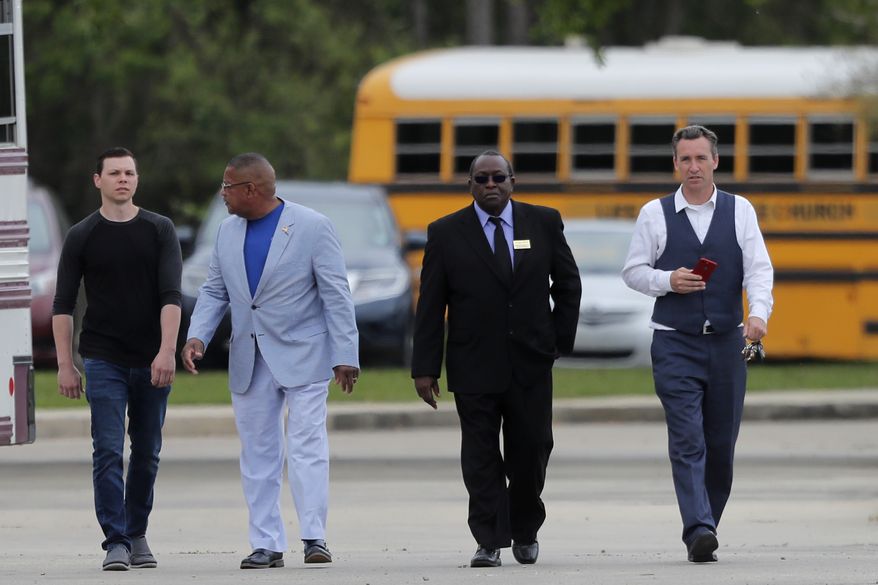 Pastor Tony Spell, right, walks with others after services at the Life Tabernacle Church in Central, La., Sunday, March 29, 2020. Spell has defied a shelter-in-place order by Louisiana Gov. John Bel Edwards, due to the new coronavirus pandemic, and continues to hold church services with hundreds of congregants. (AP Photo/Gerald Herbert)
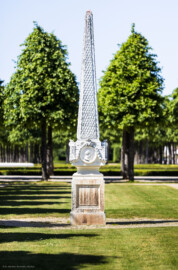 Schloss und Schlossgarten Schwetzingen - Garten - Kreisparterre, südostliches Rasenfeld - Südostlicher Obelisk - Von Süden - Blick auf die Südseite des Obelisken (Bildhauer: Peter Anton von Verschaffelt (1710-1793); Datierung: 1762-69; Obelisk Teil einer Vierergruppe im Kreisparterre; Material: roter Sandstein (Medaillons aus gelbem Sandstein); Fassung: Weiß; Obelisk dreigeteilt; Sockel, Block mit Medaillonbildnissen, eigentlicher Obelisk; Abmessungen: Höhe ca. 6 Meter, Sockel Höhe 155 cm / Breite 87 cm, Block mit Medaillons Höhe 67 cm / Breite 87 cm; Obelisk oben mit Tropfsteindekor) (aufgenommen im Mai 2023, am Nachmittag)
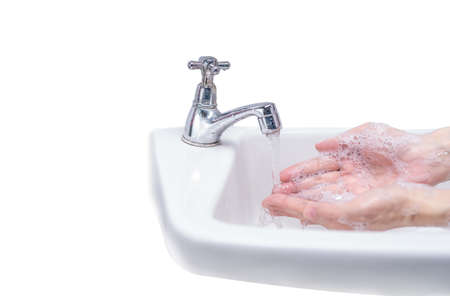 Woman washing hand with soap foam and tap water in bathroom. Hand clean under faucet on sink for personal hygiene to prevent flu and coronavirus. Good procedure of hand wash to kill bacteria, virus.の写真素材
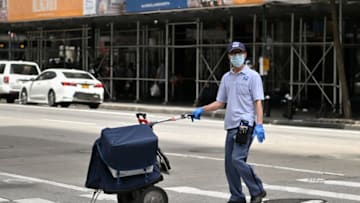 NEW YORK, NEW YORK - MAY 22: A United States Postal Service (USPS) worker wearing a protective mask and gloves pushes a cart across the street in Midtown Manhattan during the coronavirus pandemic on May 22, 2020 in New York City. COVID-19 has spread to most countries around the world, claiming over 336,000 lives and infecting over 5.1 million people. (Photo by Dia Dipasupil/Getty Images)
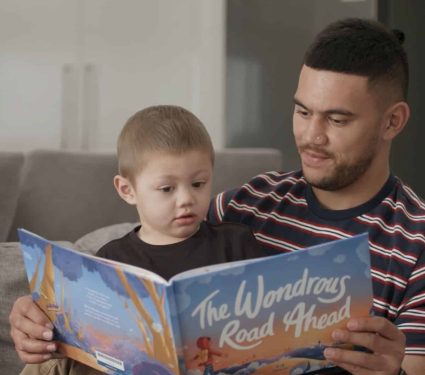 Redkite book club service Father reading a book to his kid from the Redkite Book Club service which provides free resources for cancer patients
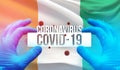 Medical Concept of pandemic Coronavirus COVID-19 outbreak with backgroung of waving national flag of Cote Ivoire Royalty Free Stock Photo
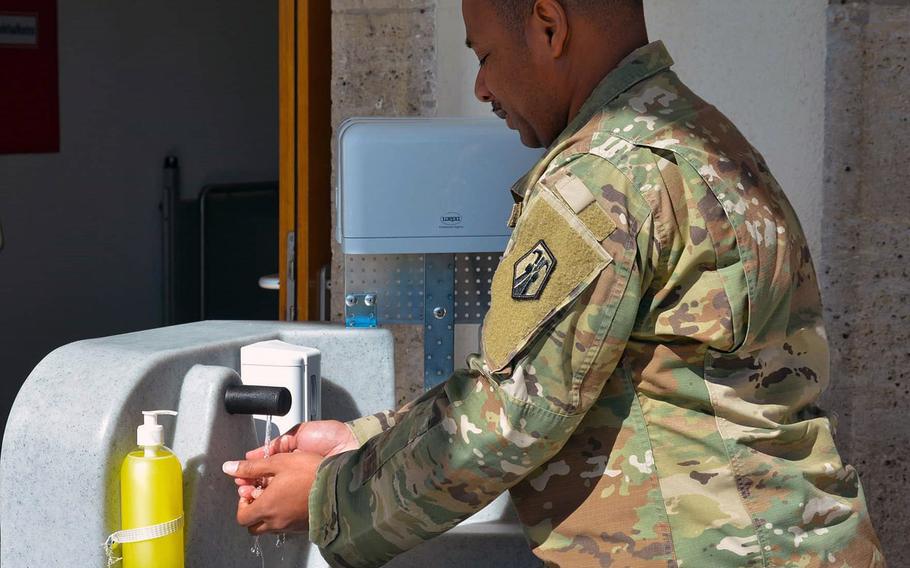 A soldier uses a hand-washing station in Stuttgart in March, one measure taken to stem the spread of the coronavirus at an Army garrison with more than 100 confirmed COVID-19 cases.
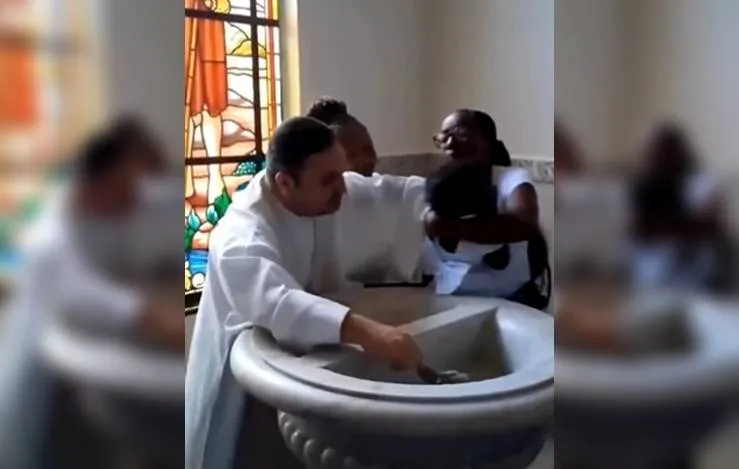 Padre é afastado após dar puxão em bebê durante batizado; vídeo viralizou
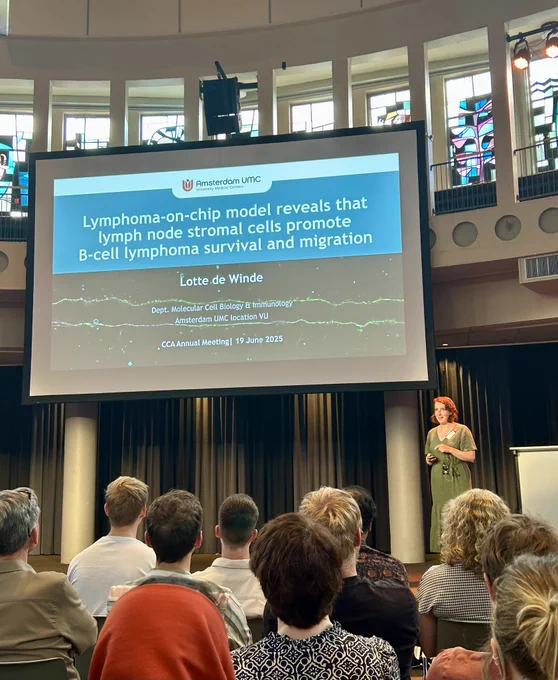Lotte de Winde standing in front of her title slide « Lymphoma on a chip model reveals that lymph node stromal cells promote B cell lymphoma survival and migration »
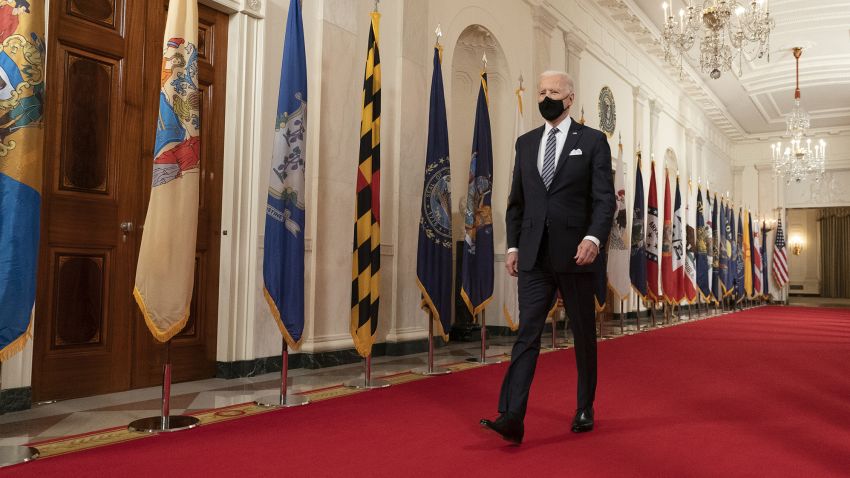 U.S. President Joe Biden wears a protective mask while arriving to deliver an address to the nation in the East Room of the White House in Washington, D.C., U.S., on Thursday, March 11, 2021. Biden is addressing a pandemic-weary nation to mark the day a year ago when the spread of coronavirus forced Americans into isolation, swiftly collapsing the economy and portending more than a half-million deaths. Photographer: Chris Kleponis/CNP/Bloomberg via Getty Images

========

▸ Your instructions: Above are some records; quote exactly and only the lines that begin at the line containing "Redkite book club service Father" and stop after the line containing "Medical Concept of", leaving out the pictures.

▸ Response to this exercise:
 Redkite book club service Father reading a book to his kid from the Redkite Book Club service which provides free resources for cancer patients
 Medical Concept of pandemic Coronavirus COVID-19 outbreak with backgroung of waving national flag of Cote Ivoire Royalty Free Stock Photo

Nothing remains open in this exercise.